_Given records:_
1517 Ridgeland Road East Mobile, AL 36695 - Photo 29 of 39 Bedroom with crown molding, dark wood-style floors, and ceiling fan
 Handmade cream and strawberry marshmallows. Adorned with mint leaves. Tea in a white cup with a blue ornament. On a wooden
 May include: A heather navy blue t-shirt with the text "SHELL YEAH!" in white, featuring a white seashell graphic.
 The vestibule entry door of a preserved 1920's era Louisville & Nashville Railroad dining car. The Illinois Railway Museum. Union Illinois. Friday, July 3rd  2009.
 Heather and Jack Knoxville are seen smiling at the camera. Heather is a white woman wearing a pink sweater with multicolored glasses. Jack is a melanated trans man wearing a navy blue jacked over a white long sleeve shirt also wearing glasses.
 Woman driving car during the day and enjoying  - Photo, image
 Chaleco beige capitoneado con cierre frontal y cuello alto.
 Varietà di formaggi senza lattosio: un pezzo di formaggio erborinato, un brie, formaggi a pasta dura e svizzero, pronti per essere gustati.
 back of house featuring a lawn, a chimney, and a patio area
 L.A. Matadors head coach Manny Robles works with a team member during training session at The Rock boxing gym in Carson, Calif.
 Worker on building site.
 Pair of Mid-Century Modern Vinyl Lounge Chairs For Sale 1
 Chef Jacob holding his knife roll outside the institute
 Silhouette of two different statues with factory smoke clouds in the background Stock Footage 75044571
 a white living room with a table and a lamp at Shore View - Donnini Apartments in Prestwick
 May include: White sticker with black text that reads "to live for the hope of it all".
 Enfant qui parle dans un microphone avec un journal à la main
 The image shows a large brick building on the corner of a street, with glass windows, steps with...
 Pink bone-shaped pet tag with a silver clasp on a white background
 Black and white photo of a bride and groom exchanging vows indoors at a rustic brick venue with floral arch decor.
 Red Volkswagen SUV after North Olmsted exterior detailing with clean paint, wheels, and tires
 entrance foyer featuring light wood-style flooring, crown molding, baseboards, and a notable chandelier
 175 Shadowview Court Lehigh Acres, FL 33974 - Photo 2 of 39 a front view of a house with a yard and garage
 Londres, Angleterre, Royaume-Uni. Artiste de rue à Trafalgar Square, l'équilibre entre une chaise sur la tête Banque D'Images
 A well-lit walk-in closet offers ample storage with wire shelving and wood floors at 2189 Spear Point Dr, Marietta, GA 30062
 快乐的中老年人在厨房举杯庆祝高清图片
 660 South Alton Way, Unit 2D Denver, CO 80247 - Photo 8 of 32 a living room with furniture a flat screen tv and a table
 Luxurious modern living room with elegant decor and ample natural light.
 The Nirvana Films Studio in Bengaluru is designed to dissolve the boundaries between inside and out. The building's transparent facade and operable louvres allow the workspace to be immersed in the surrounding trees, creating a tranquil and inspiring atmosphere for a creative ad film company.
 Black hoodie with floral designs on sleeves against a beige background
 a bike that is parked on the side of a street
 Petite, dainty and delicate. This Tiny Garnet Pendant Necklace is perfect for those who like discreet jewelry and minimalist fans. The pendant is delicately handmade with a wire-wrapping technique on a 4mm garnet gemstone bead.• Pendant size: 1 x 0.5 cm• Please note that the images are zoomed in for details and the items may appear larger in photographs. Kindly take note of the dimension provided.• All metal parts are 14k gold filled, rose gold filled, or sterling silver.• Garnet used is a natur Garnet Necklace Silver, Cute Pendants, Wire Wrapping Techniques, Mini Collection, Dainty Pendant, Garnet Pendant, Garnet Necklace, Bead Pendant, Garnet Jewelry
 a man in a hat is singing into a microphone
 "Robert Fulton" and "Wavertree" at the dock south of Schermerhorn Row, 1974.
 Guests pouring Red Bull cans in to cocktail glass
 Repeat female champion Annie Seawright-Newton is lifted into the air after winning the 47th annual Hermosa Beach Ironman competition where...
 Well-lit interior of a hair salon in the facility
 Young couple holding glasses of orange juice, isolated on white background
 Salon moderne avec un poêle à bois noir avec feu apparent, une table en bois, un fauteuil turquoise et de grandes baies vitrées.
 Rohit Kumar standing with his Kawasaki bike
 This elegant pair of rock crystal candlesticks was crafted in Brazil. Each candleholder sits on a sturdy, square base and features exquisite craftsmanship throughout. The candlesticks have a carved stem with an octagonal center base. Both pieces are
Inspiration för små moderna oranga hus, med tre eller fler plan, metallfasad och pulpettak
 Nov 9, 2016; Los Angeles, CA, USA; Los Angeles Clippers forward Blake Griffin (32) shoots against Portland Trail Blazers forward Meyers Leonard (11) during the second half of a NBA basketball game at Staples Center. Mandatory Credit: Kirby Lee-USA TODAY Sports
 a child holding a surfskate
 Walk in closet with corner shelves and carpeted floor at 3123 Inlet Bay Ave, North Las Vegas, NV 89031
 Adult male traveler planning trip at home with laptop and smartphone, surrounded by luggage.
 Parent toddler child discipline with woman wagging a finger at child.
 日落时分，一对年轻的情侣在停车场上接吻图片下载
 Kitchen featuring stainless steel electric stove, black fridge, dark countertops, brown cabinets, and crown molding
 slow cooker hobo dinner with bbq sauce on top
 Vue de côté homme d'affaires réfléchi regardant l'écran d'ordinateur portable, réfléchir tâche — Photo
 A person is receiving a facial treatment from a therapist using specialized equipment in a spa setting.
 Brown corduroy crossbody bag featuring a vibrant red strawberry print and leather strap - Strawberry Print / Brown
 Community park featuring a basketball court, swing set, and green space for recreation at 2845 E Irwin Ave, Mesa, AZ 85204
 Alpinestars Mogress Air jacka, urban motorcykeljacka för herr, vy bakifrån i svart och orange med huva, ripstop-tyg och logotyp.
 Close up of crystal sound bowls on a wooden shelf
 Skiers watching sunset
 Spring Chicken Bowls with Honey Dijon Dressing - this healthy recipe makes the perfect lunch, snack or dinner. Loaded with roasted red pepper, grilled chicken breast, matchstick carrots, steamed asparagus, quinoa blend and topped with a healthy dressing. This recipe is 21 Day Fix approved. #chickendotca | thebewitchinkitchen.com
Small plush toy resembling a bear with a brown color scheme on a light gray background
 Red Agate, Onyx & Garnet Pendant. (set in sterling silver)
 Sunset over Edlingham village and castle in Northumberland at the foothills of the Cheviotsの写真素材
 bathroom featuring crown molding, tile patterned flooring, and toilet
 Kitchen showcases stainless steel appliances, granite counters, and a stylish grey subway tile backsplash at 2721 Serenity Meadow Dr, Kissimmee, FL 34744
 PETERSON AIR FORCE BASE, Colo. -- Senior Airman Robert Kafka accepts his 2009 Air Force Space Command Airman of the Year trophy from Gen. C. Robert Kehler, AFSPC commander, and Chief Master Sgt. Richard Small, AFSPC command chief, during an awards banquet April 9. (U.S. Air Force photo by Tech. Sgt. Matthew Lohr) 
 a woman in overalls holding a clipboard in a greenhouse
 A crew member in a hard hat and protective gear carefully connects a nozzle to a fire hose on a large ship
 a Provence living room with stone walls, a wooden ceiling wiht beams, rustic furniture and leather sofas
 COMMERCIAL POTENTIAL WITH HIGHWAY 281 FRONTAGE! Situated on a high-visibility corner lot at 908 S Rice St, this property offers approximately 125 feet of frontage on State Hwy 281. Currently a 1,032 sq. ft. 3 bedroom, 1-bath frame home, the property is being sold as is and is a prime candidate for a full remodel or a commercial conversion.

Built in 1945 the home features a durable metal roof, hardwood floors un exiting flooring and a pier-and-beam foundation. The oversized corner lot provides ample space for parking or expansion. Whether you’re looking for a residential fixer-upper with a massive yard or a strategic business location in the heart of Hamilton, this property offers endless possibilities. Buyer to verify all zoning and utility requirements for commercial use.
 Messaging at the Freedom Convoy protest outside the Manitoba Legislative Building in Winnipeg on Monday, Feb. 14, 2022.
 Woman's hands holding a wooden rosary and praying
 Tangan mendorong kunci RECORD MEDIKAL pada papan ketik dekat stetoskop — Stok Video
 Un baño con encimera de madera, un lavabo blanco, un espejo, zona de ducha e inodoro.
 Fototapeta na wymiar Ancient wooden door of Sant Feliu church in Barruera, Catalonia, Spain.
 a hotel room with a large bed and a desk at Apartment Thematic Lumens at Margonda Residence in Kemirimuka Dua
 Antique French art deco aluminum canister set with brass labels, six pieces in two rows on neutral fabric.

_What the task asks:_ Of the entries above, repeat exactly the lines from the line with "Pink bone-shaped pet" through the line with "Luxurious modern living", both of them included.

_Your response:_
 Pink bone-shaped pet tag with a silver clasp on a white background
 Black and white photo of a bride and groom exchanging vows indoors at a rustic brick venue with floral arch decor.
 Red Volkswagen SUV after North Olmsted exterior detailing with clean paint, wheels, and tires
 entrance foyer featuring light wood-style flooring, crown molding, baseboards, and a notable chandelier
 175 Shadowview Court Lehigh Acres, FL 33974 - Photo 2 of 39 a front view of a house with a yard and garage
 Londres, Angleterre, Royaume-Uni. Artiste de rue à Trafalgar Square, l'équilibre entre une chaise sur la tête Banque D'Images
 A well-lit walk-in closet offers ample storage with wire shelving and wood floors at 2189 Spear Point Dr, Marietta, GA 30062
 快乐的中老年人在厨房举杯庆祝高清图片
 660 South Alton Way, Unit 2D Denver, CO 80247 - Photo 8 of 32 a living room with furniture a flat screen tv and a table
 Luxurious modern living room with elegant decor and ample natural light.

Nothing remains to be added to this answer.